“Empirical” doesn’t use the word “precise”. It’s simply “based on, concerned with, or verifiable by observation or experience rather than theory or pure logic.”
I certainly hope you are not arguing to allow
imprecise observations into the scientific method.
Early in the Enlightenment period, the arguments between the rationalists and empiricists centered on the better (best?) way to do science. The rationalist stressed the
imprecision of subjective experience (kinda like rossum) and the empiricists stressed that experience could be objectified via precision. The result: logical empiricism.
There are very, very few “living fossils” today. The fossils we find came and went.

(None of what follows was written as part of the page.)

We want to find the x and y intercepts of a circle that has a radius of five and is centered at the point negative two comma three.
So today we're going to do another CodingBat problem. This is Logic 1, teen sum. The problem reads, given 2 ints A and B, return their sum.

And where we have multiple specimens, they show variations in their comings and goings.
Moreover, most of the critters found today, like us, simply can’t be found in the fossil record - at least not very far back.
The best explanation for this that uses the fewest assumptions is that life evolved.
Variations within types in the fossil record certainly indicate mircroevolution. And, if a definition of species included certain features, say in bone structure, the fossils may indicate macroevolution. But as noted previously, this is a circular argument requiring an elastic definition of species.
What is objected to in evolution theory, specifically in the macroevolution section, is the claim that a common ancestor exists (existed) for all living creatures. On this claim, all we have is one
assumption and no evidence. But although one is
few, it remains no more than that – an assumption.
Elevating an
assumption to a
hypothesis, to a
theory, to a
law is not the scientific method for either an empiricist or a rationalist.
Just an example of two species that haven’t fully speciated from their common ancestor. They’ve just nearly done it. They produce exactly what we’d expect to see - offspring with serious genetic issues.
Creatures with “serious genetic issues” works against the assumption that “they’ve nearly done it”. The better assumption is that the creatures are on a short path to extinction.
The protist (neither human nor plant) became algae and fish. Humans came waaaaaaaaaay later. Literally in the last blink, if geological time was compressed into one day.
Just repeats more of macroevolution’s speculation unsupported by any evidence.